SRE Simulator is a training product that turns incident response into a hands-on game. An AI Dungeon Master generates realistic Kubernetes and OpenShift incidents, and players investigate and resolve them using a structured SRE method.
- Practice real-world Kubernetes and OpenShift troubleshooting in a safe environment.
- Reinforce disciplined investigation phases instead of random command spam.
- Build confidence in incident handling across junior to principal levels.
- Measure decision quality with objective scoring, not only final outcome.
- AI-generated break-fix scenarios at three difficulty levels.

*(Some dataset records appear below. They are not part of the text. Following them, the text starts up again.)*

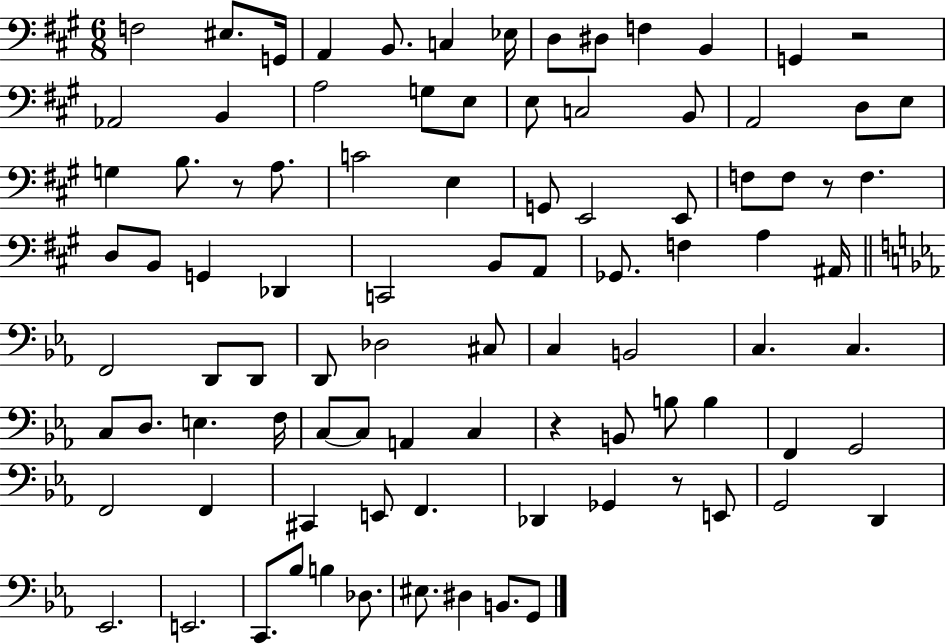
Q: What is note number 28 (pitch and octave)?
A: E3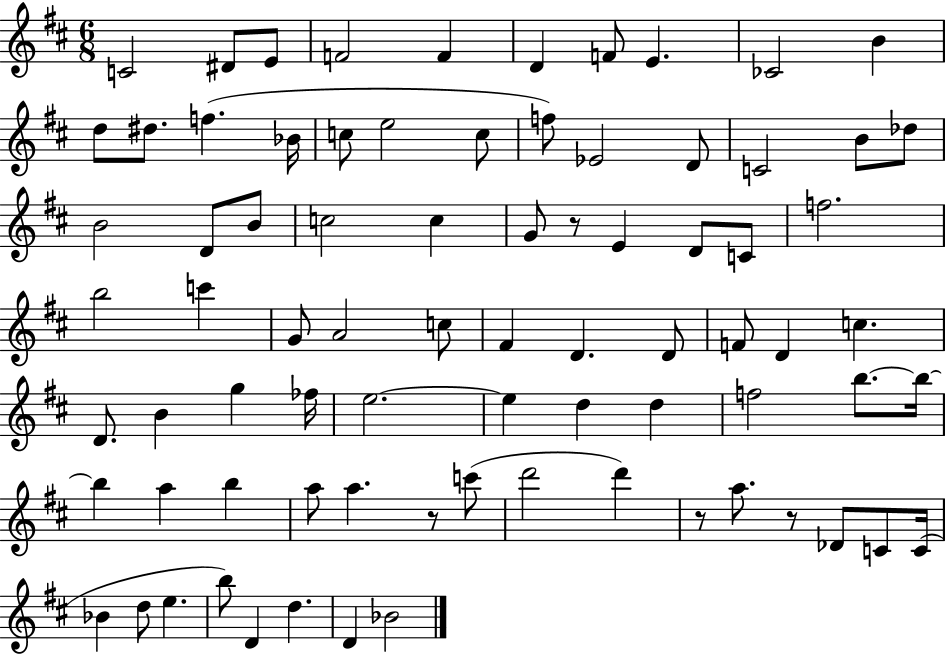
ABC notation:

X:1
T:Untitled
M:6/8
L:1/4
K:D
C2 ^D/2 E/2 F2 F D F/2 E _C2 B d/2 ^d/2 f _B/4 c/2 e2 c/2 f/2 _E2 D/2 C2 B/2 _d/2 B2 D/2 B/2 c2 c G/2 z/2 E D/2 C/2 f2 b2 c' G/2 A2 c/2 ^F D D/2 F/2 D c D/2 B g _f/4 e2 e d d f2 b/2 b/4 b a b a/2 a z/2 c'/2 d'2 d' z/2 a/2 z/2 _D/2 C/2 C/4 _B d/2 e b/2 D d D _B2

- Guided investigation workflow: Reading -> Context -> Facts -> Theory -> Action.
- Chat-driven command support with terminal-style execution feedback.

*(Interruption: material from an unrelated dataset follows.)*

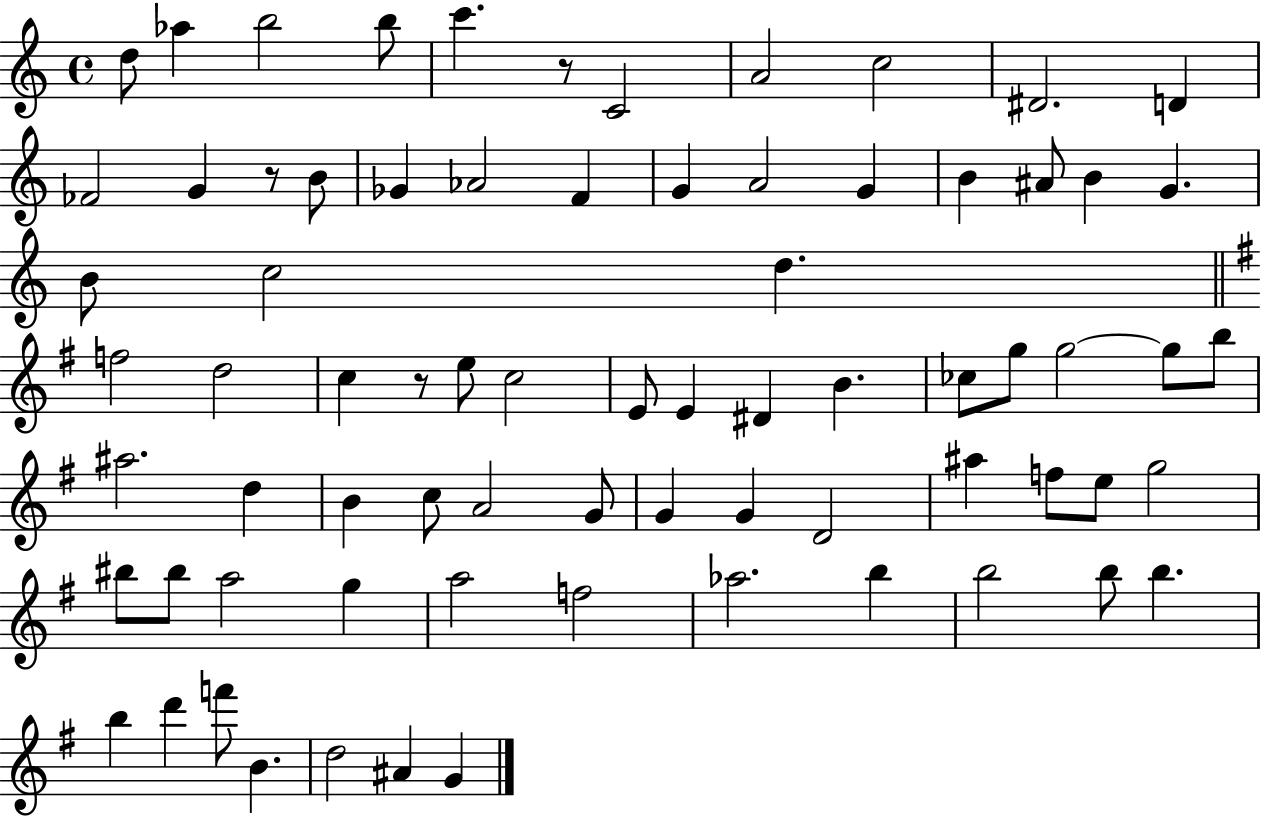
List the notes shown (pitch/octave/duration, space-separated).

- Dashboard context panels for cluster signals and incident clues.
- Score tracking for efficiency, safety, documentation, and accuracy.
- Leaderboard to compare performance over time.
- Choose a difficulty and get an incident ticket.
- Investigate via chat, commands, and dashboard context.
- Build and test hypotheses using observed evidence.
- Apply the fix and complete the scenario.
- Review score quality and improvement areas.
git clone https://github.com/tuxerrante/SRESimulator.git
cd SRESimulator
make install
make devOpen http://localhost:3000 in your browser.
If SRE Simulator has helped you learn, demo, or teach incident response, and you would like to support my work on it, you can do that here:
- GitHub Sponsors: @tuxerrante
- Ko-fi: alessandroaffinito
- Buy Me a Coffee: tuxerrante
- Amazon wishlist: gift cards and project gear
- Preview cleanup of generated artifacts in worktrees older than 14 days:
make cleanup-worktrees-dry-run - Remove cached modules, coverage, and build output from old worktrees:
make cleanup-worktrees - Install a weekly macOS
launchdjob (Sunday at 04:00 local time) that runs the same cleanup automatically:make install-weekly-worktree-cleanup - Remove the weekly cleanup job:
make uninstall-weekly-worktree-cleanup
Production-style semver deployments now target AKS by default. That path
uses GHCR images, Envoy Gateway on the existing static public IP, and the
custom hostname https://play.sresimulator.osadev.cloud. The frontend stays on
a cluster-internal ClusterIP service, while the backend remains private and
is reached only through the frontend's same-origin proxy. Azure SQL-backed
backend scaling still activates when DB_SECRET_NAME is provided.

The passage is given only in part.